Seychelles Cabinet Reforms Back Careers Agency, Childcare Support and Youth Jobs

VICTORIA, Seychelles — A sweeping package of Seychelles Cabinet reforms approved at the Cabinet meeting of Wednesday, January 28, will establish a new autonomous Careers and Further Education Agency, create an Education Reform Council, launch a national youth internship programme, and deliver expanded childcare financial assistance to low-income families from as early as February 2026. Secretary of State for Cabinet Affairs and Civil Services Margaret Moumou outlined the measures at a press briefing at State House on Thursday morning.

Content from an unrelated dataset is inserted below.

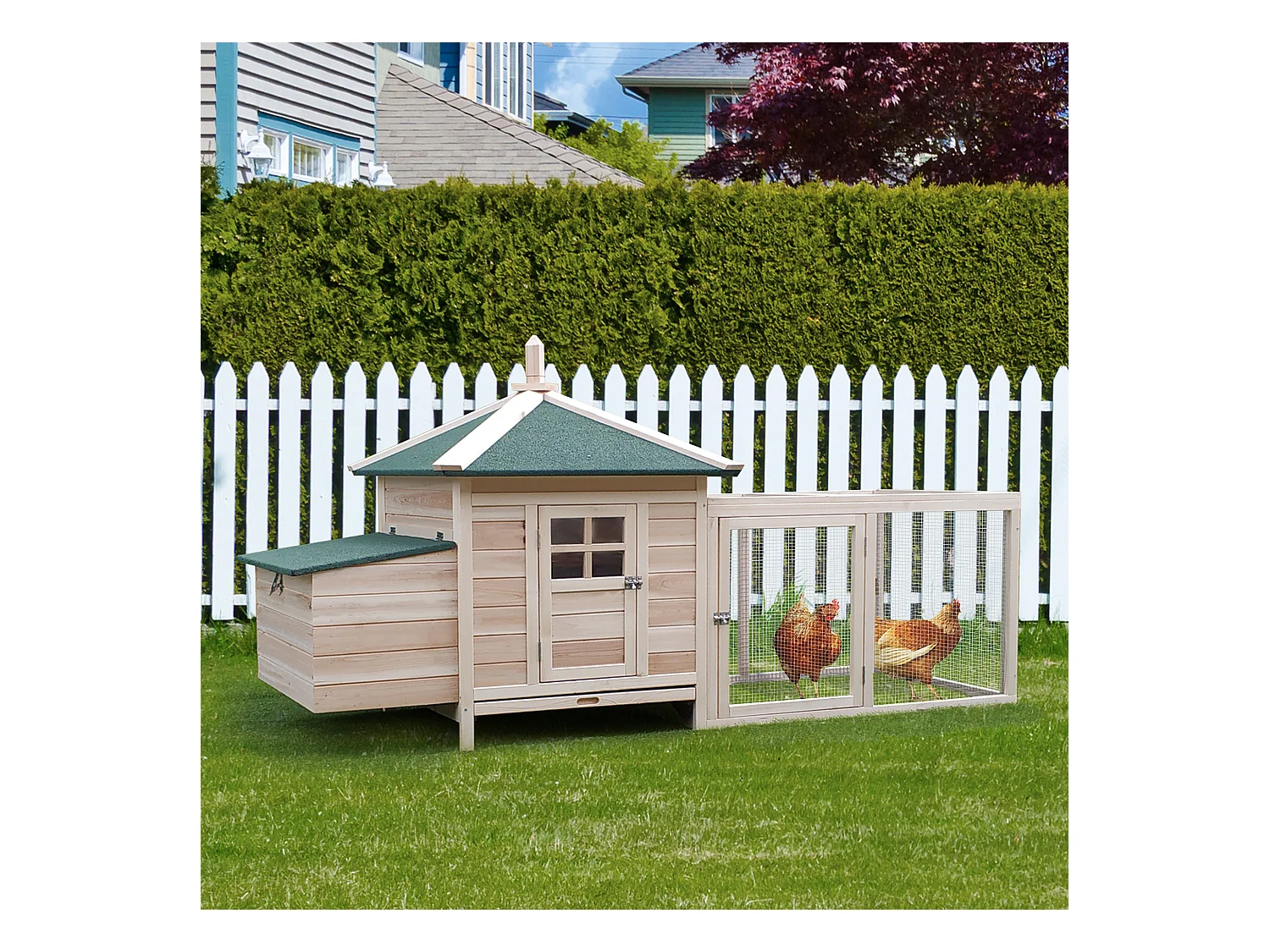 Dwergkippenhok met ren en zitstokken, wintervast, van grenenhout, natuurlijke kleur (196x76x97 cm)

For Seychellois families, the announcements represent a significant shift in how the government intends to support children from early learning through to employment. The childcare assistance expansion directly addresses one of the most cited cost pressures on working parents, while the youth employment initiatives target the difficult transition from school to the workforce that has long been a concern for young Seychellois and their families. Collectively, the reforms signal a deliberate effort by the new administration to invest in human capital as the foundation for long-term economic resilience.

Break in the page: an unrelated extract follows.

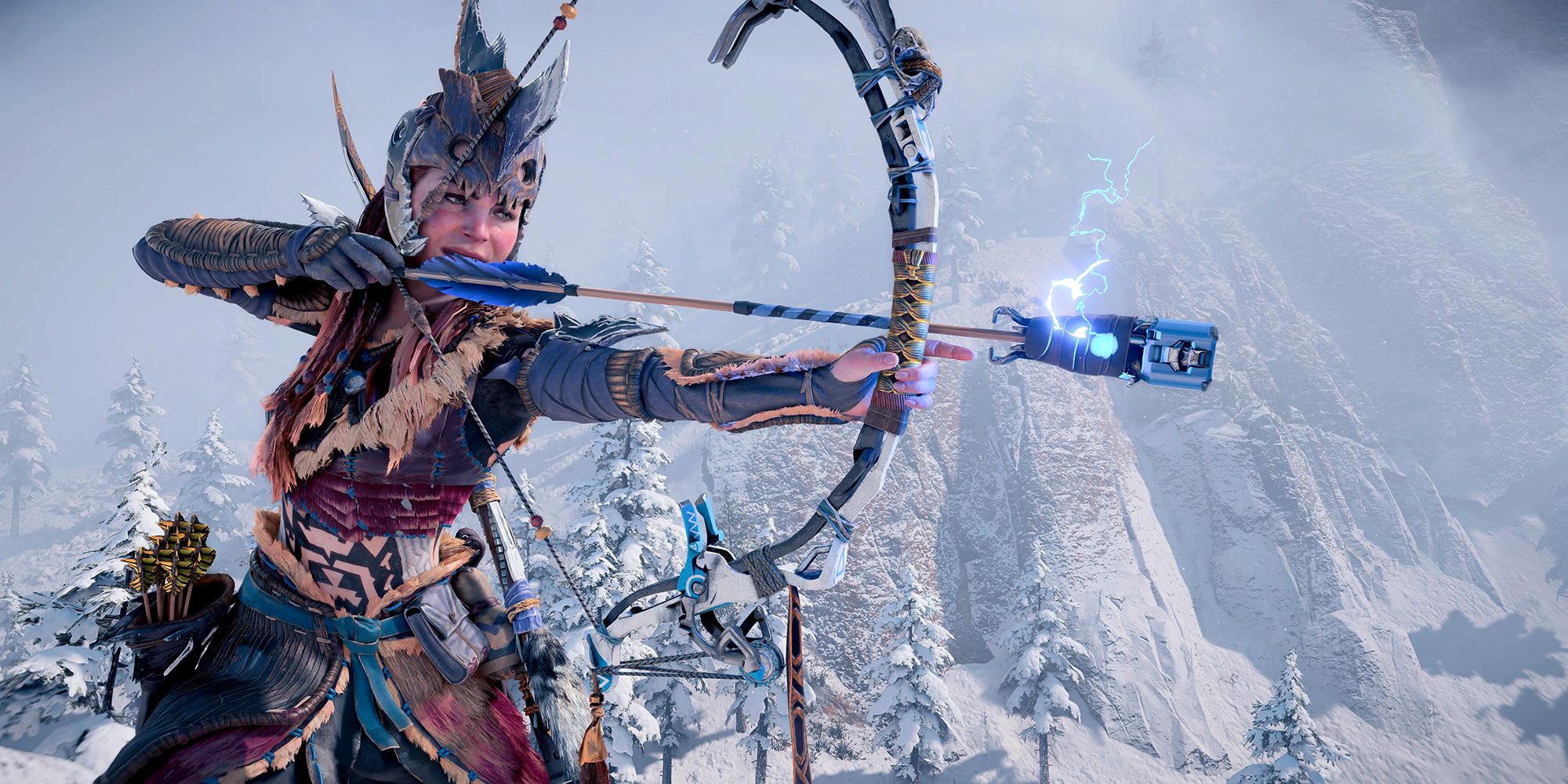 Horizon Forbidden West Aloy aiming bow in snow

The Careers and Further Education Agency Bill, 2026, establishes an autonomous statutory body to manage careers development guidance, further education pathways, student transitions to employment, and the administration of government-funded scholarships. The Bill replaces the dissolved Agency for National Human Resource Development (ANHRD) and will be submitted to the National Assembly for enactment. The Cabinet also approved the Education Reform Council as a high-level oversight body to guide the national education reform programme in phases, beginning with early childhood and primary education. On youth employment, the IGNITE Pilot Programme will offer structured workplace internships to 50 high-potential S4 and S5 students plus 50 students from professional centres per cohort, commencing April 2026, with participants remunerated at R48 per hour. The StepUp4Life Holiday Programme targets up to 200 secondary school students from S3 to S5 during the April, August, and December school holidays, administered jointly by the Seychelles National Youth Council, the Ministry of Education, and the Ministry of Employment. For childcare, Cabinet continued the universal subsidy of R750 per child per month and approved a means-tested top-up of an additional R750 per child per month for eligible households with net income below R8,555.50, administered jointly from February 2026 by the Institute of Early Childhood Development and the Agency for Social Protection.

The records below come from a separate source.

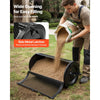 VEVOR Compost Spreader, 36" Wide Peat Moss Spreader with Push/Tow Handle, 4 Heights Adjustable, Powder-Coated Steel Garden Peat Moss Roller, Heavy Duty Grass Seed Roller for Planting Seeding, Black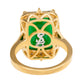 Suzy Levian Yellow Sterling Silver Emerald-Cut Green Cubic Zirconia and Pointed Halo White Cubic Zirconia Ring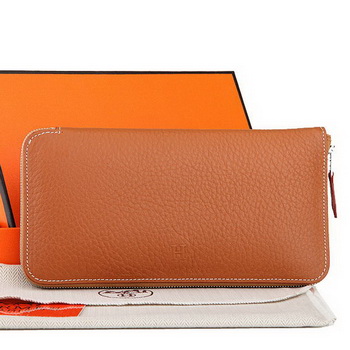 Hermes Zipper Wallet Original Leather A309 Camel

The reforms build on longstanding government commitments to improve the governance of scholarship management and careers guidance after the dissolution of the ANHRD, which left gaps in the coordination of further education and bonding obligations. The new agency structure introduces clearer reporting lines and dedicated units for partnerships, performance, communications, and youth participation, including through the Youth Empowerment Council.

Cabinet also approved significant changes in the culture sector, including the repeal of the Seychelles National Institute for Culture, Heritage and the Arts Act, 2021, and the drafting of a new Seychelles Culture, Arts and National Heritage Bill to bring cultural institutions under stronger ministerial oversight within the Ministry of Tourism and Culture. The National Monuments Board is to be re-established under the Seychelles National Monuments Act (1980), and the revised Culture Department structure is intended to strengthen policy leadership and operational efficiency.

The breadth of the January 28 Cabinet meeting demonstrates the new administration’s determination to move swiftly on the social and institutional reforms promised during the election campaign.